* [Exercise]:
Write out nothing but the lines from the one containing "Chevrolet MalibuのAndroid Auto・CarPlay取付事例" through the last line below, both included, and without the pictures.

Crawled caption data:

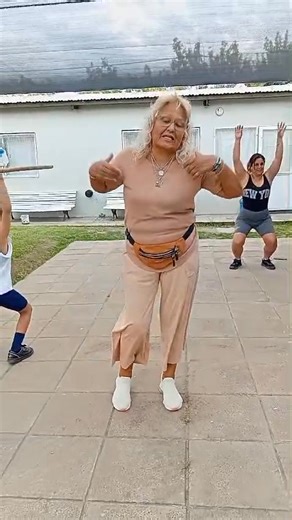 CIC Villa Ángela Pehuajó Taller de Gimnasia para Adultos Martes y Jueves de 8,30 a 9,30 horas | Cic Pehuajo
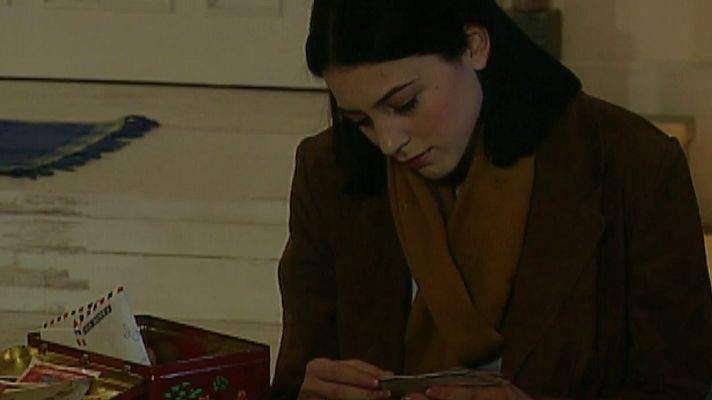 Raquel busca su sitio - Mirando hacia atrás sin ira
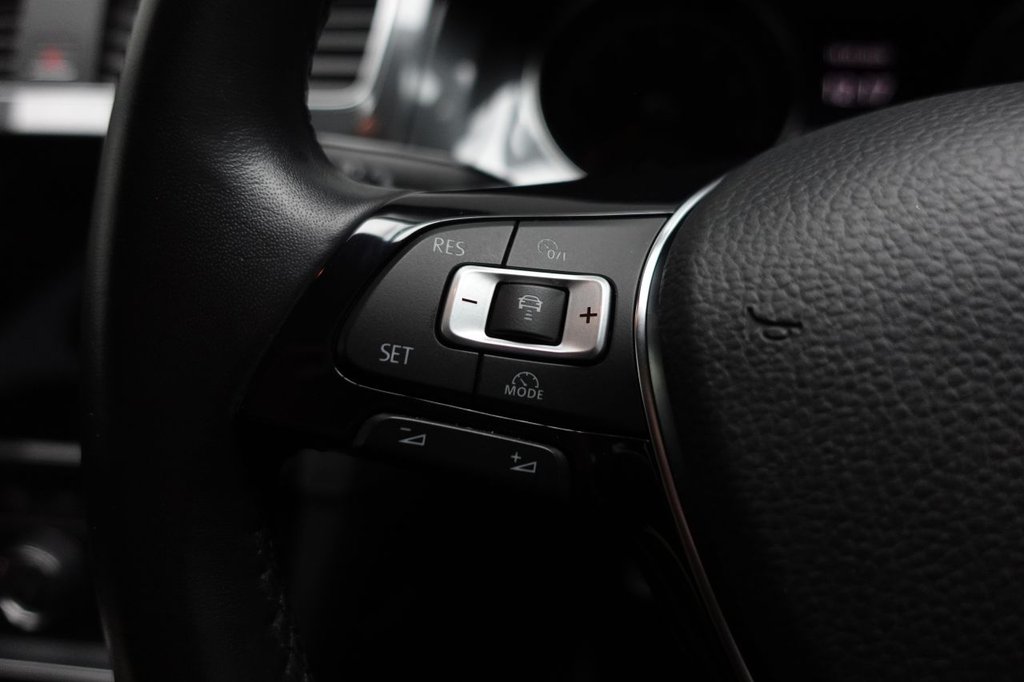 Used Volkswagen Golf 2018 for sale - 76132883: Photo 20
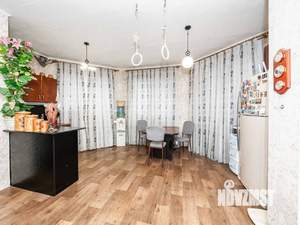 Дом 350м², 3-этажный, участок 3 сот.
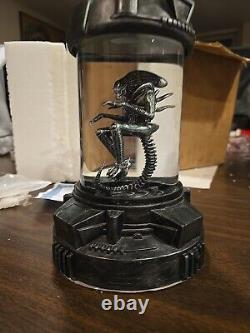 Xenomorph Worrier Alian Sculpture Collection Rare Broken Finger Sealed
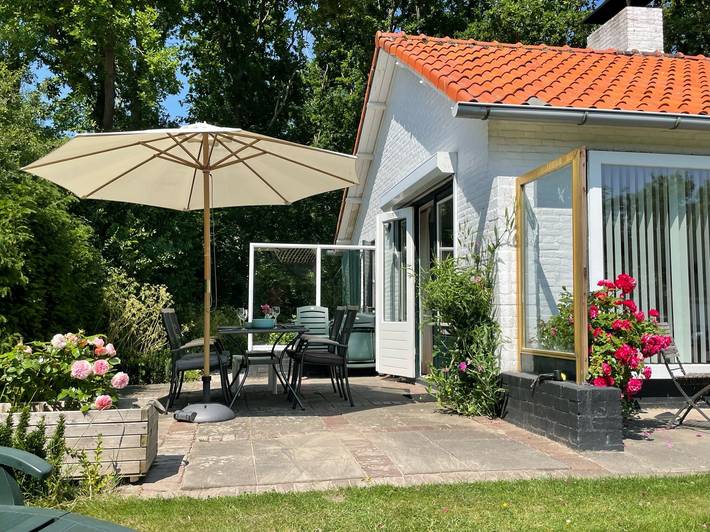Ferienhaus für 4 Personen, mit Balkon/Terrasse und Terrasse sowie Garten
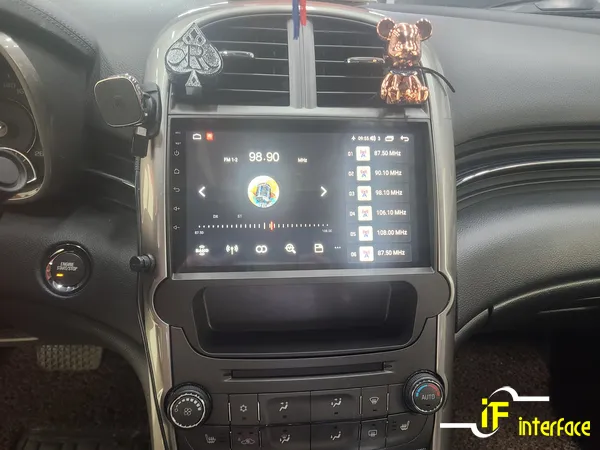 Chevrolet MalibuのAndroid Auto・CarPlay取付事例 施工写真 5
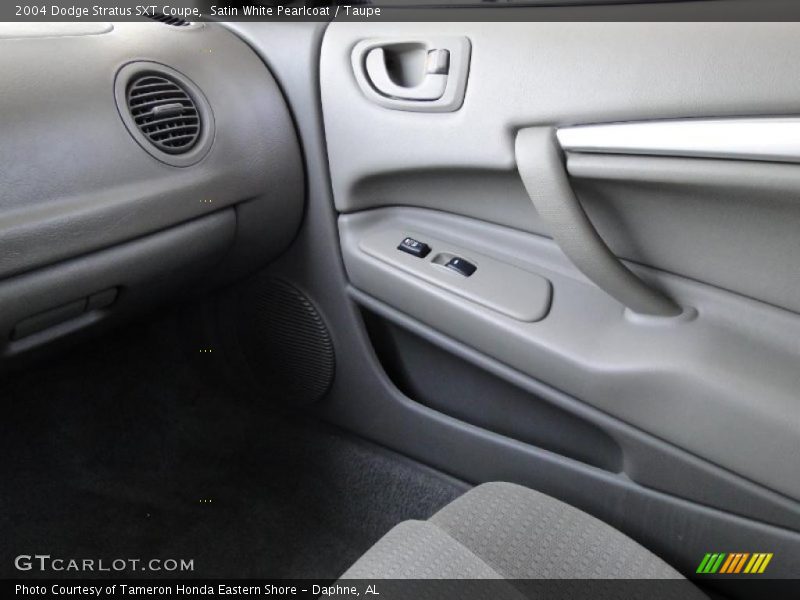 Satin White Pearlcoat / Taupe 2004 Dodge Stratus SXT Coupe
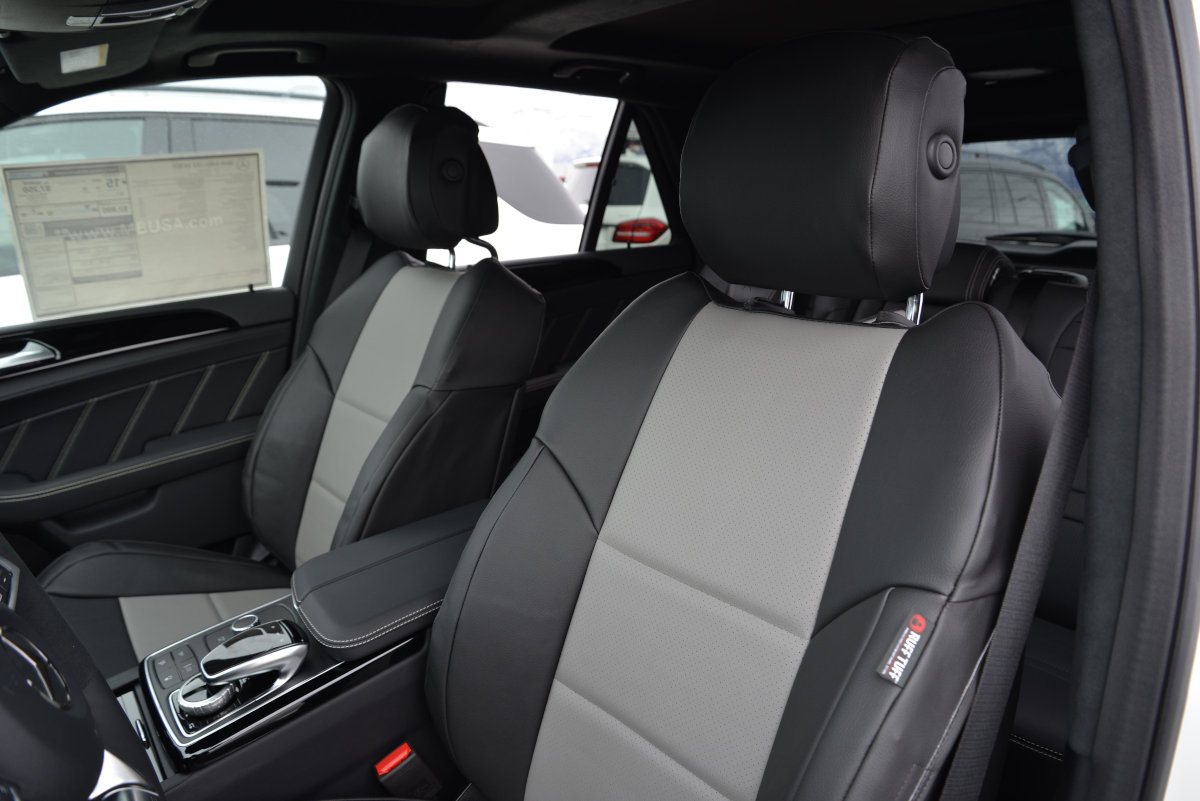 2018 Mercedes-Benz GLE Class (console not covered)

* [Solution to the problem]:
 Chevrolet MalibuのAndroid Auto・CarPlay取付事例 施工写真 5
 Satin White Pearlcoat / Taupe 2004 Dodge Stratus SXT Coupe
 2018 Mercedes-Benz GLE Class (console not covered)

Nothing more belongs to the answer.